Nel 2018 l'attività economica in Umbria ha continuato a crescere a ritmi moderati

Report della Banca d’Italia tra luci ed ombre
Perugia

Dall'indagine della Banca d'Italia presentata ieri presso la sala dei Notari di Perugia dai funzionari Lucia Lucci e Daniele Narangoni, si evidenzia una leggera ripresa dell'economia umbra, ma ad avviso del Direttore generale Nicola Barbera, dalla seconda metà del 2018, l’Umbria va verso un deciso peggioramento e questo è dovuto anche alla poca volontà di innovazione delle imprese.

Nella prima parte del 2018 l'attività economica in Umbria ha continuato a crescere a ritmi moderati ma ancora inferiori rispetto al dato nazionale.. Gli ordini industriali sono aumentati con un'intensità analoga allo scorso anno; dopo lungo tempo, l'incremento si è esteso anche alle piccole imprese.
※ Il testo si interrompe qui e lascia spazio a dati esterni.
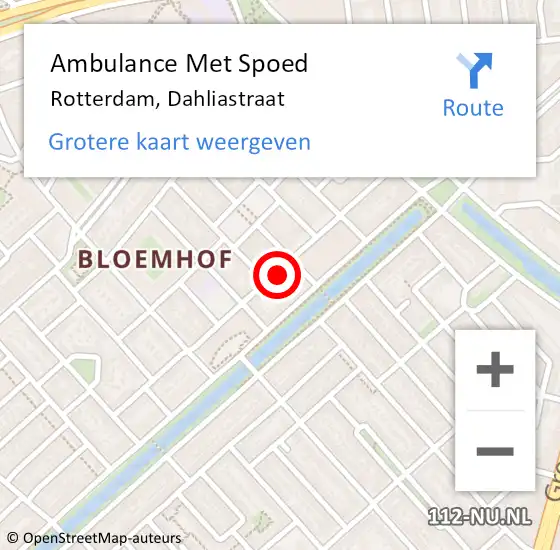 Locatie op kaart van de 112 melding: Ambulance Met Spoed Naar Rotterdam, Dahliastraat op 19 mei 2024 21:04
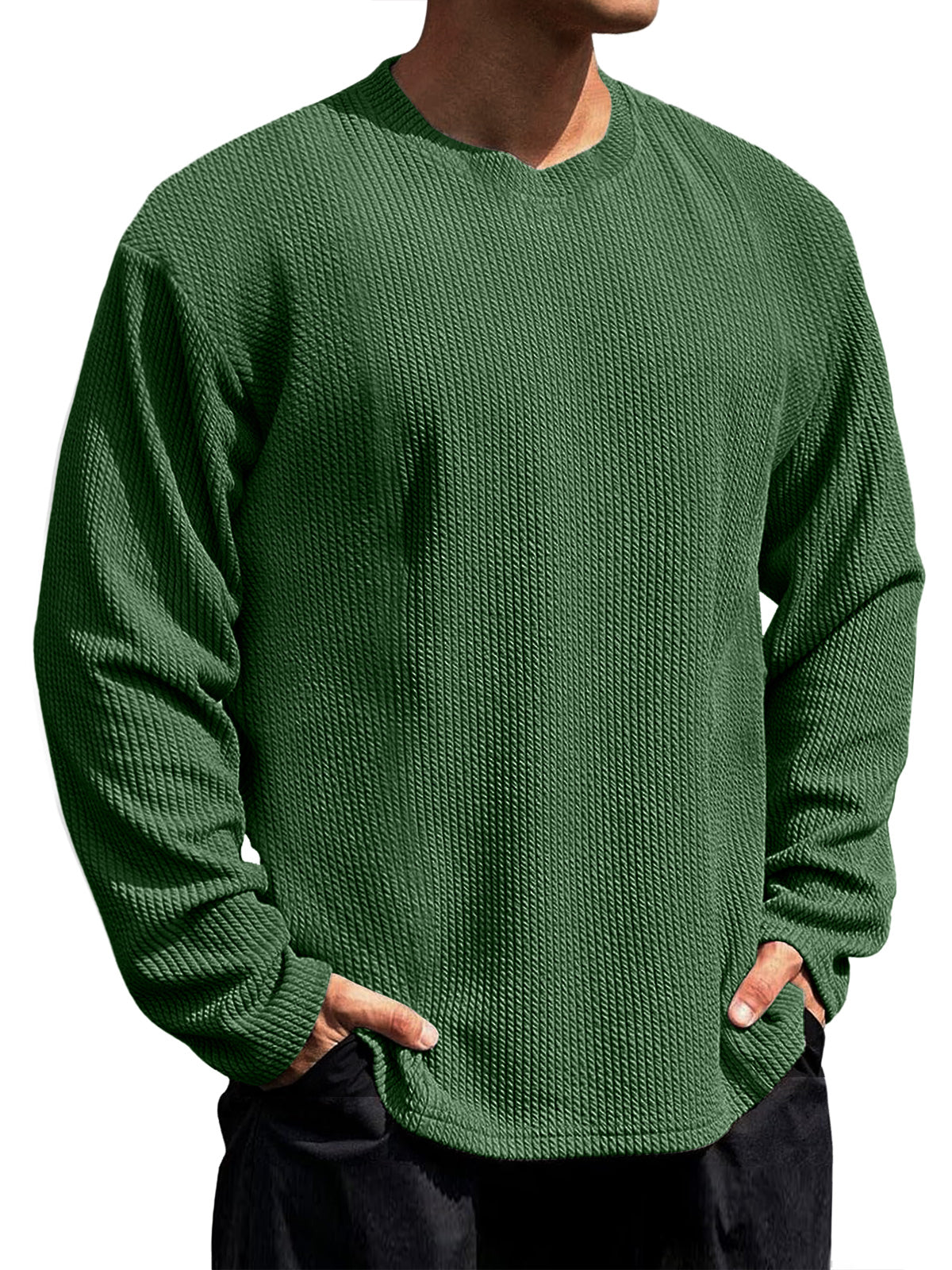 Men's Casual Round Neck Vertical Stripe Solid Color Long-sleeved T-shirt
L'andamento del fatturato, positivo in tutti i principali settori, è risultato migliore per le aziende orientate ai mercati esteri. Nell'edilizia non si è ancora conclusa la lunga fase recessiva. Sono emersi segnali di miglioramento tra i servizi diversi dal commercio al dettaglio, ove la dinamica delle vendite è rimasta negativa. I flussi turistici sono tornati su livelli analoghi a quelli registrati prima del terremoto, tranne che nei comuni direttamente colpiti.

Dopo un biennio di robusta crescita il processo di accumulazione del capitale si è indebolito, anche per la maggiore incertezza sull'evoluzione del quadro congiunturale. Nell'industria gli investimenti per l'anno in corso sono previsti in calo e i piani per il 2019 sono improntati alla stazionarietà della spesa. La situazione reddituale del sistema produttivo regionale ha fatto segnare un miglioramento associato a un ulteriore incremento della liquidità.

Come lo scorso anno l'occupazione è rimasta stabile, confermando un andamento peggiore rispetto al resto del paese. Tra i lavoratori dipendenti hanno peraltro ripreso a crescere le assunzioni a tempo indeterminato. Il tasso di disoccupazione si è ridotto, riflettendo il minor numero di persone in cerca di lavoro.

Pur in presenza di condizioni di offerta ancora favorevoli, l'espansione del credito in regione ha perso vigore. I prestiti alle aziende di maggiori dimensioni sono aumentati a un ritmo meno intenso rispetto allo scorso anno, quelli alle piccole imprese hanno continuato a diminuire. La dinamica è rimasta invece solida per le famiglie, per effetto della crescita ancora sostenuta del credito al consumo; le erogazioni di mutui si sono stabilizzate in connessione con l'andamento poco vivace del mercato immobiliare.

La qualità dei prestiti è nel complesso ulteriormente migliorata; nel comparto manifatturiero tuttavia il flusso di nuove posizioni con difficoltà di rimborso è tornato ad aumentare.